### Material to process

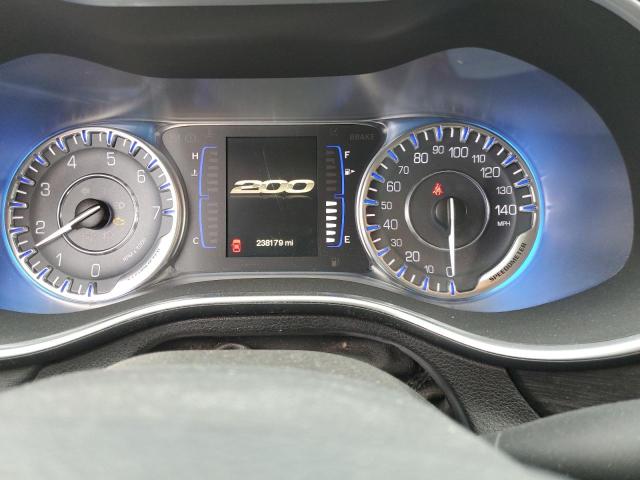Photo 9 from auction – 2015 CHRYSLER 200 LIMITE with VIN 1C3CCCAB0FN671805
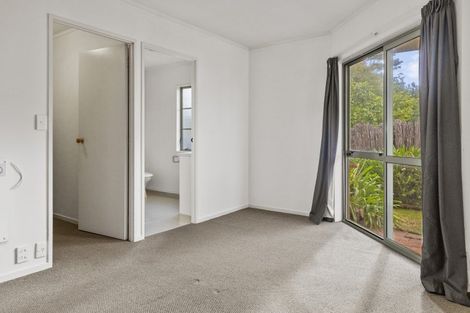 Photo of property in 1/8 Kathleen Place, Rainbow Point, Taupo, 3330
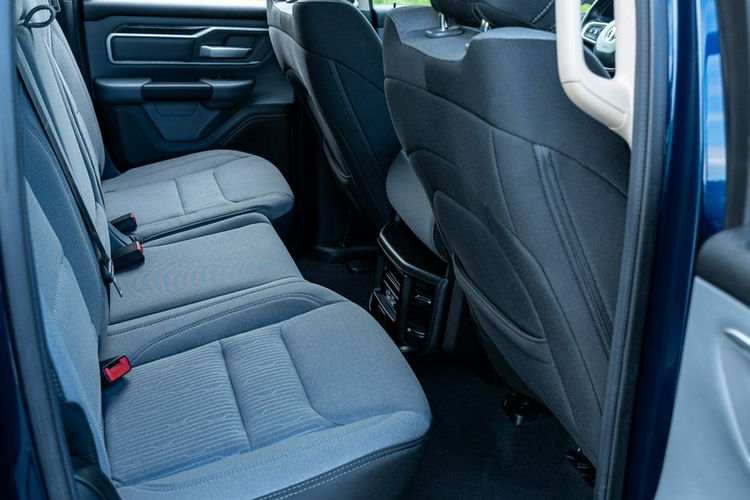 RAM Dodge RAM 1500 5.7 V8 4x4 BLUE 2019r zdjęcie 29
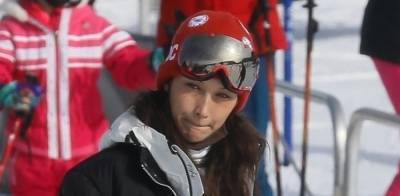 Bella Hadid Hits the Slopes for Afternoon of Skiing in Aspen - www.justjared.com - Colorado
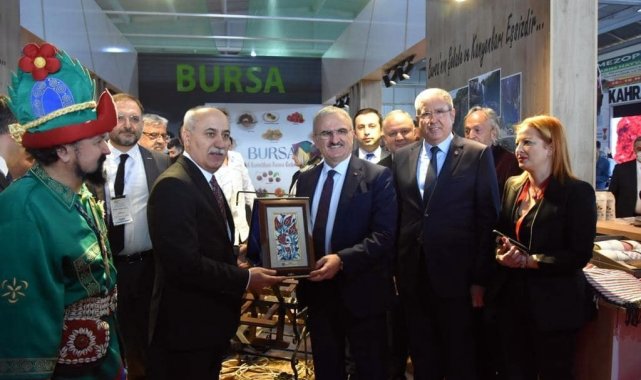 Başkan Aydın Diyarbakır'da Bursa'yı temsil etti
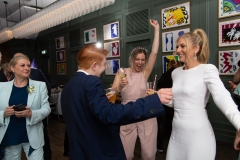 Chris_Charlotte_Wedding_Photos_The-Swan-At-The-Globe_London_England151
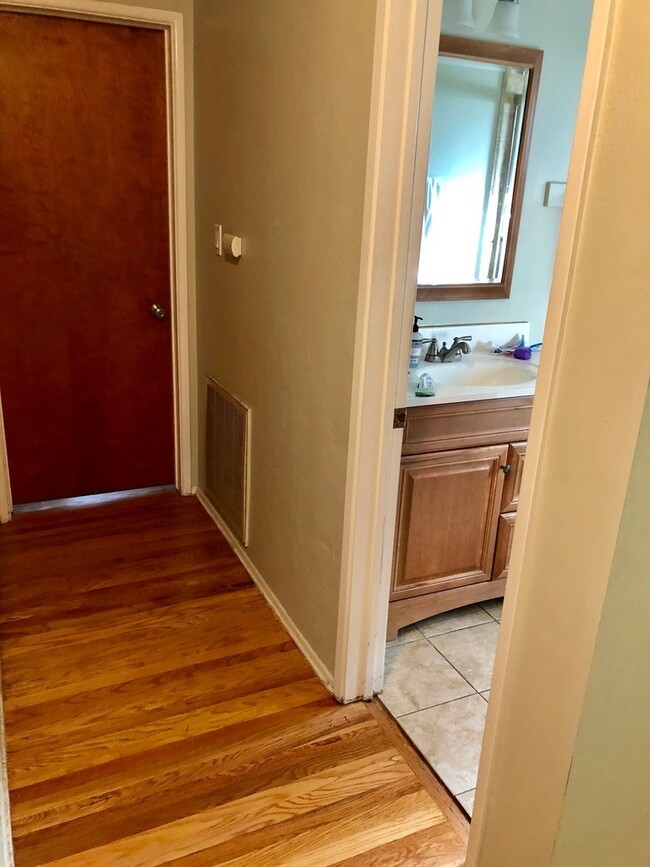 Building Photo - 4 Bedroom w/ POOL and Huge yard!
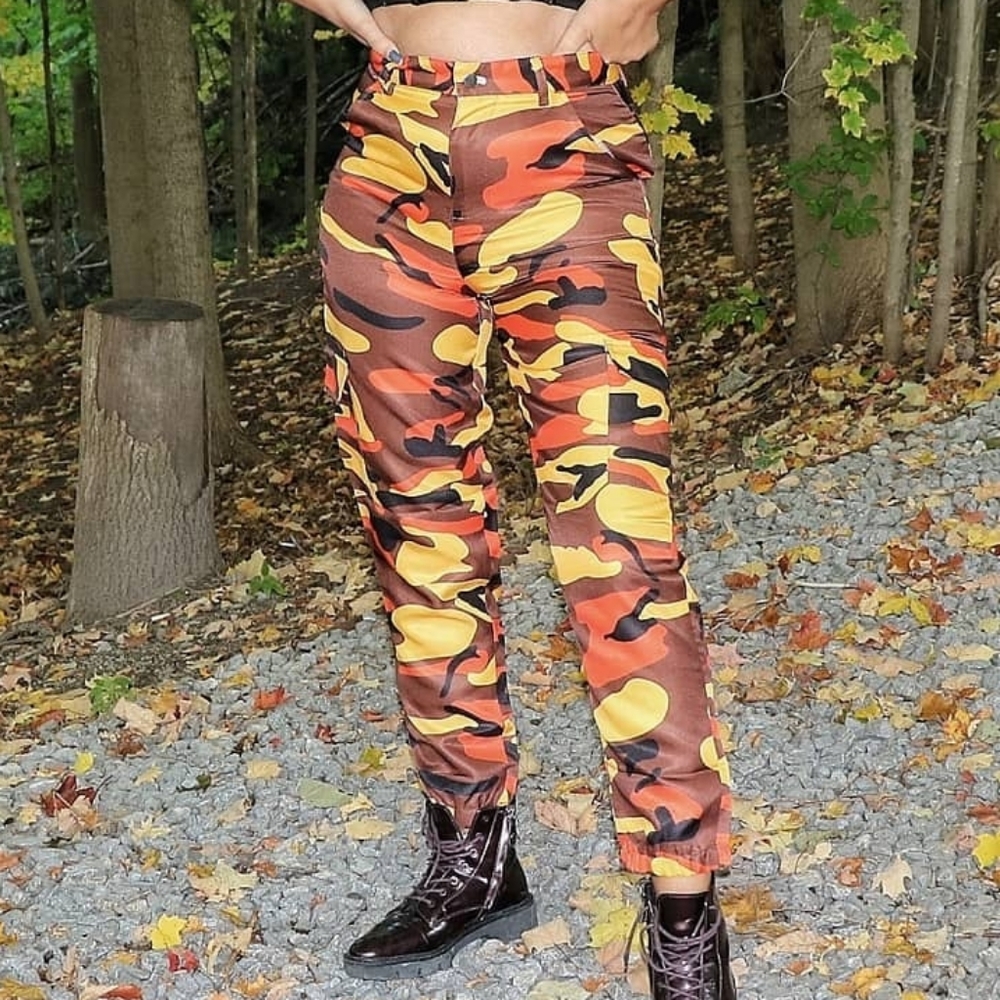 camo cargos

### Exercise brief
Could you set down the records above word for word, without any of the pictures?

### Exercise answer
Photo 9 from auction – 2015 CHRYSLER 200 LIMITE with VIN 1C3CCCAB0FN671805
 Photo of property in 1/8 Kathleen Place, Rainbow Point, Taupo, 3330
 RAM Dodge RAM 1500 5.7 V8 4x4 BLUE 2019r zdjęcie 29
 Bella Hadid Hits the Slopes for Afternoon of Skiing in Aspen - www.justjared.com - Colorado
 Başkan Aydın Diyarbakır'da Bursa'yı temsil etti
 Chris_Charlotte_Wedding_Photos_The-Swan-At-The-Globe_London_England151
 Building Photo - 4 Bedroom w/ POOL and Huge yard!
 camo cargos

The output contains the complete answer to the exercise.